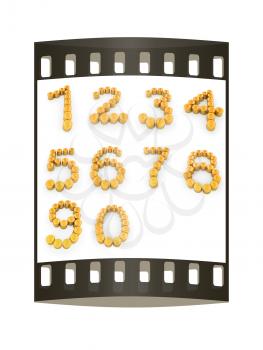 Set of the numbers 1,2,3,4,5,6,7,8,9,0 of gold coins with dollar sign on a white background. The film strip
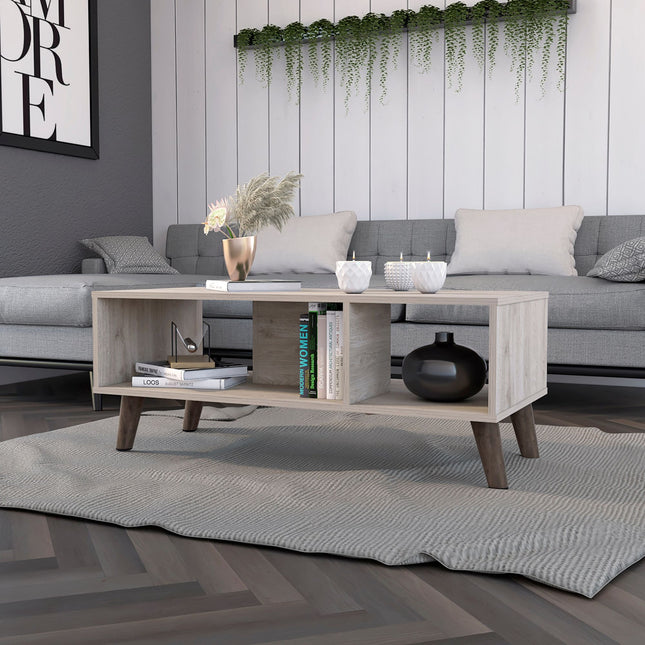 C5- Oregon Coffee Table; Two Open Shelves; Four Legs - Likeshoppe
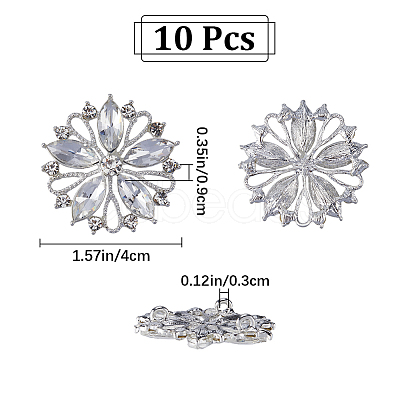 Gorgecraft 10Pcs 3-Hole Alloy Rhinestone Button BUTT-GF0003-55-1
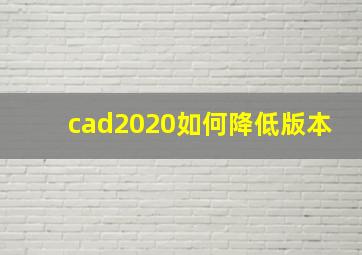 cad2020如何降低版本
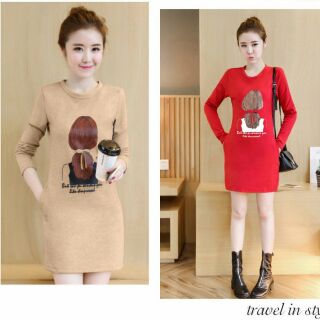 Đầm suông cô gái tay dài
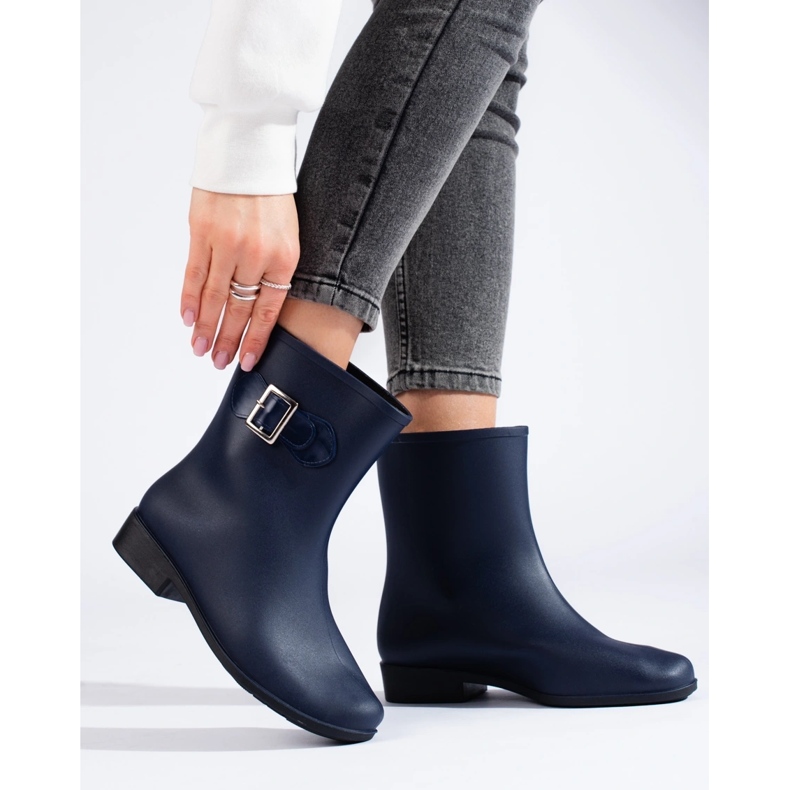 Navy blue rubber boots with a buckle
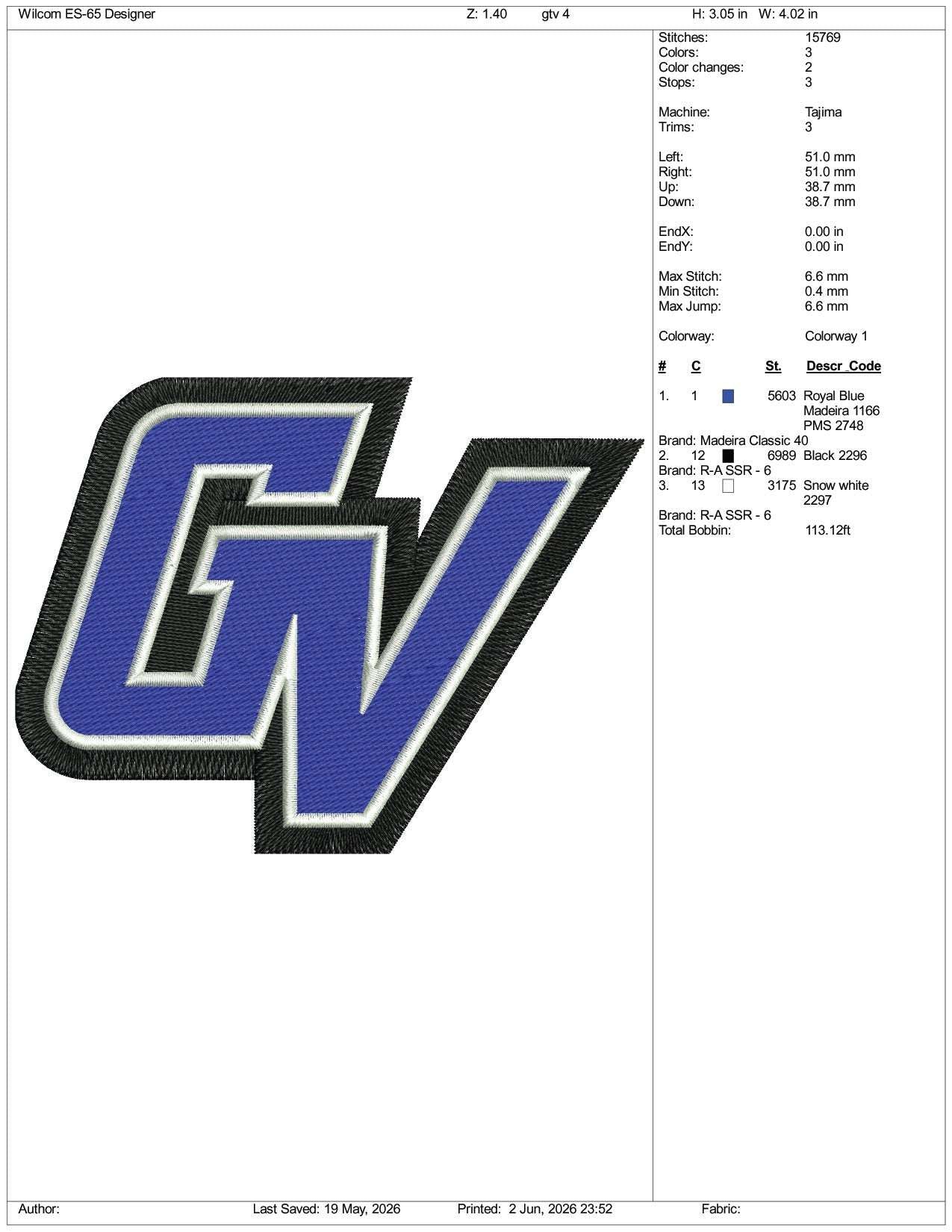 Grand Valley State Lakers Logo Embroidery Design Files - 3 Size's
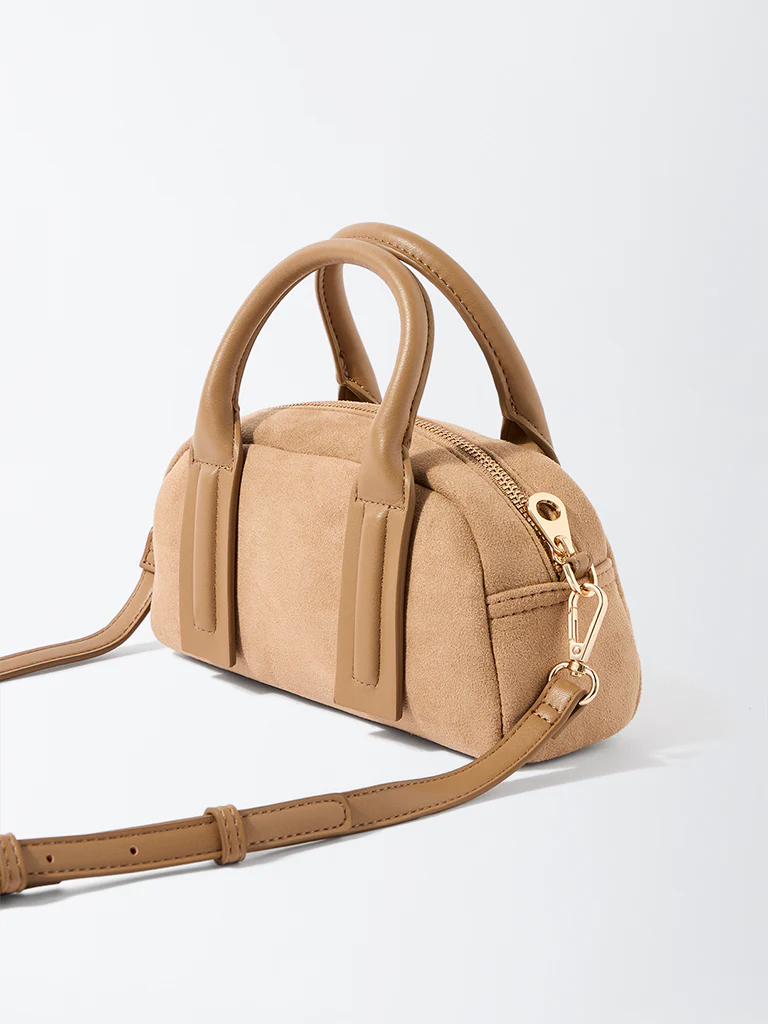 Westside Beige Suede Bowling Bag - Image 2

◆ ◆ ◆ ◆ ◆

YOUR OBJECTIVE: Copy the lines exactly. Start at the line with "C5- Oregon Coffee", end at the last line above, include both, and omit all pictures.

EXERCISE OUTPUT:
 C5- Oregon Coffee Table; Two Open Shelves; Four Legs - Likeshoppe
 Gorgecraft 10Pcs 3-Hole Alloy Rhinestone Button BUTT-GF0003-55-1
 cad2020如何降低版本
 Đầm suông cô gái tay dài
 Navy blue rubber boots with a buckle
 Grand Valley State Lakers Logo Embroidery Design Files - 3 Size's
 Westside Beige Suede Bowling Bag - Image 2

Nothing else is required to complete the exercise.